Jonathan Fanara Responsable des pages Littérature, Essais & Bandes dessinées et des actualités DVD/bluray

Vincent Mallié et Hubert publient aux éditions Dupuis, dans l’excellente collection « Aire libre », le second tome de Ténébreuse, récit habilement construit et mâtiné de fantastique, se déroulant dans un univers médiéval. Au programme : éveil sentimental, enjeux de pouvoir, ostracisme ou encore résilience.

Ce qui caractérise en premier lieu les deux principaux protagonistes d’Hubert et Vincent Mallié, c’est leur marginalité. Arzhur et Islen subissent le rejet des leurs et n’ont vraiment leur place nulle part. Le premier a vaincu son Roi à la loyale après avoir couché avec sa femme, la seconde, suspectée d’être sous l’emprise de pouvoirs maléfiques et incontrôlables, hérités de sa mère, vient d’être libérée d’une tour dans laquelle elle s’était plus ou moins volontairement retranchée. En libérant Islen, Arzhur est probablement en quête de rédemption : il s’imagine secourir une princesse en souffrance et s’élever contre ses oppresseurs. Si l’histoire apparaît un peu plus complexe que cela, leur épopée commune va néanmoins déboucher sur un éveil sentimental d’une rare subtilité, à travers lequel les mécanismes de défense vont se fissurer et les inhibitions, tant physiques que psychologiques, céder une à une.

Le diptyque Ténébreuse mêle à un univers médiéval des touches fantastiques. Arzhur n’est autre qu’un chevalier déchu, ayant malgré lui déshonoré sa famille, et désormais manipulé, au même titre qu’Islen, par trois vieilles femmes étranges et dotées de pouvoirs surnaturels, évoluant dans son ombre comme une menace indicible.

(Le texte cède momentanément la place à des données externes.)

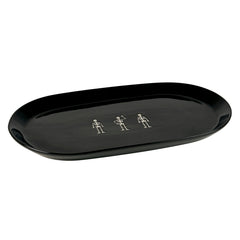 15.25" Skeletons Oval Platter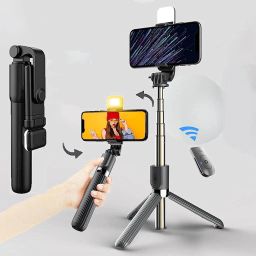 Adone Bluetooth Selfie Sticks with Remote and Light, 3-in-1 Multi Tripod Selfie Stick Bluetooth Selfie Stick-16
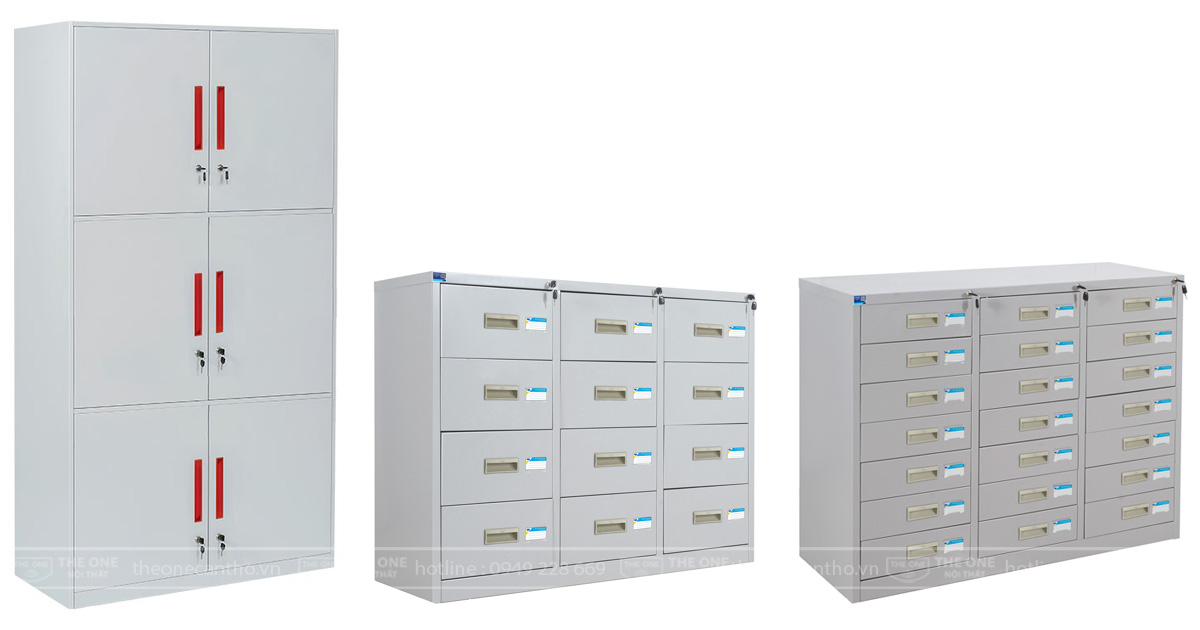 Tủ hồ sơ sắt nhiều ngăn.
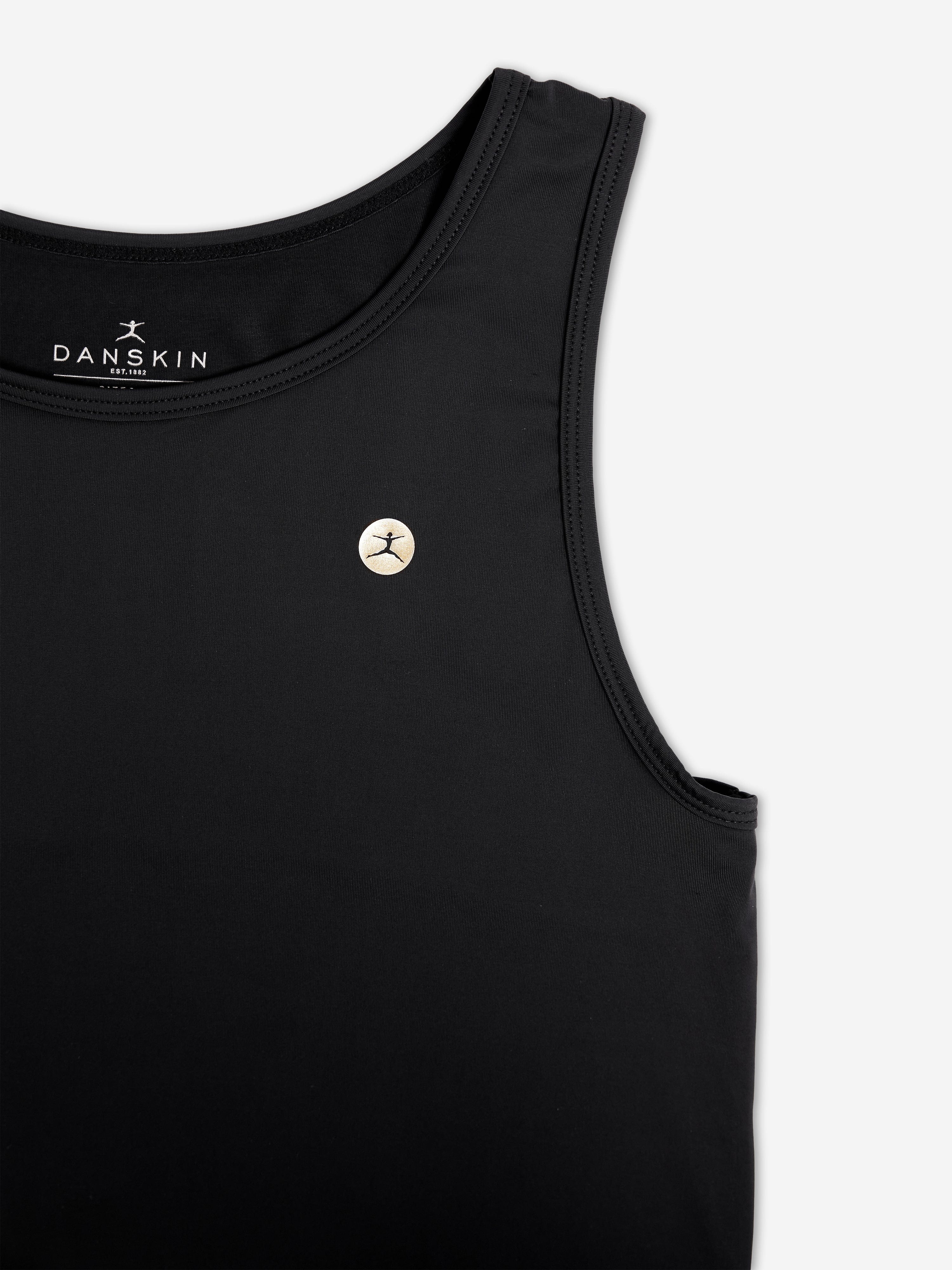 Danskin Girls Split Back Vest Top in Black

Une trame narrative a priori convenue, mais pourtant sublimée par des reliefs vertigineux : un passé duquel les deux héros cherchent obstinément à s’affranchir, des figures parentales malfaisantes et corrompues, l’acceptation des différences, l’amour ou encore l’ostracisme. Et pendant qu’Hubert apporte une densité remarquable à son scénario, habilement ficelé, Vincent Mallié prend soin de portraiturer à traits fins plaines, sorcières, animaux, batailles, tout en s’employant à donner leur pleine mesure aux expressions faciales de ses personnages. L’ensemble s’avère de haute teneur, avec un découpage des planches faisant alterner vignettes verticales et horizontales, petites et grandes, en gros plan et vues plus larges.

Ténébreuse est un double témoignage. Vincent Mallié et Hubert y narrent les aspirations peu scrupuleuses de Meliren, la mère d’Islen, dont la passion amoureuse, trahie et battue en brèche, apparaît aussi débridée que sa soif de vengeance (ou son besoin d’être désirée). Les auteurs se penchent surtout sur le couple tâtonnant formé par Arzhur et Islen, dont les fêlures, profondes, appellent une forme de compréhension, de bienveillance et de tendresse mutuelles. Aux habituelles intrigues de château, Ténébreuse préfère sonder les cœurs, trouvant à la marge des sociétés mises en vignette ce supplément d’âme rendant ses protagonistes si attachants. C’est à la fois sophistiqué et débordant de justesse.